On June 11, Weeden told the Beacon Journal he would sign before training camp begins in late July. When asked whether he’s still confident that will be the case, Weeden said, “I hope so.”
Richardson repeated that he’s waiting for the top two overall picks, Indianapolis Colts quarterback Andrew Luck and Washington Redskins quarterback Robert Griffin III, to sign before completing his deal.
“For me, I think I’m really just waiting on one and two to get done,” Richardson said. “Then when the big guys get done, I can sign.”
Weeden and Richardson are two of 14 unsigned first-round picks from this year’s draft. None of the top-eight selections has signed.
Ever since Browns hall of fame running back Jim Brown called Richardson “ordinary” in an interview with ESPN Radio on draft day, Richardson has been swamped with questions about Brown’s comments.
Richardson continued to take the high road on Friday.
“I laugh at the situation,” he said. “For me, in my head, that means I got a lot of work to do, and I still do. … It’s just a lot of motivation. I don’t dislike Jim Brown for commenting. He’s just pushing me to the limit and making sure that I’m going to work and make sure that he gets everything he can out of me.”
Weeden has been impressed by the way Richardson has responded to Brown’s remarks.
“It doesn’t matter what anyone says with Trent,” Weeden said. “He’s got thick skin, which you have to have to play at this level, especially the positions that we play. Obviously, Jim Brown’s one of the best, probably the best running back to ever play here, and he’s got a right to say that. But Trent doesn’t worry about it. I can promise you that. All you’ve got to do is turn on the tape at Alabama and see what he did. He was a special player down there.”
Perhaps Richardson and Brown will be able to talk about everything face to face one day.
“I’d love to meet him,” Richardson said. “It will be an honor just to be in his presence. He is an icon. He is a legend.”
Luck, the No. 1 overall pick, said he thinks Weeden can “do great things” in the NFL.
“I think he’s incredibly accurate,” Luck said. “It’s fun watching him toss the ball. … It seems every time you’re like, ‘Oh, man. That’s where that throw needs to be.’ ... He’s got incredible arm strength, very sharp guy, obviously mature for how old he is.”
Jacksonville Jaguars rookie wide receiver Justin Blackmon was Weeden’s top target at Oklahoma State University, so it’s not a surprise he’s a believer.
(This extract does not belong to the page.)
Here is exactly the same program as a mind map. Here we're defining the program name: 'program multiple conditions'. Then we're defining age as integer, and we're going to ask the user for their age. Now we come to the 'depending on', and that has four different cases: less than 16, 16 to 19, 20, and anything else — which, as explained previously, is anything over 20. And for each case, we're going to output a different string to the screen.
“I consider [Weeden] one of the best that came out,” Blackmon said. “I wouldn’t trade him for anyone. He can throw the ball from sideline to sideline and with lots of velocity and speed. He can put it there. He knows how to read the coverage and makes smart decisions. He loves to compete.”
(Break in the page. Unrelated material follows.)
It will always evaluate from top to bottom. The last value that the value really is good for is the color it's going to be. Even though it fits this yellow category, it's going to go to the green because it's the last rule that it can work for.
Luck is familiar with Northeast Ohio because he visited the area while growing up. His dad, Oliver, graduated from St. Ignatius High School in Cleveland, and he has a grandmother, aunts, uncles and cousins who still live in the area. “I love Cleveland,” he said. “Great city.” … Detroit Lions defensive tackle Nick Fairley attended the symposium this year. It was canceled when he was a rookie in 2011 because of the NFL lockout. Fairley, the 13th overall pick in last year’s draft, was arrested May 27 and faces charges of driving under the influence of alcohol, reckless driving and attempting to elude police.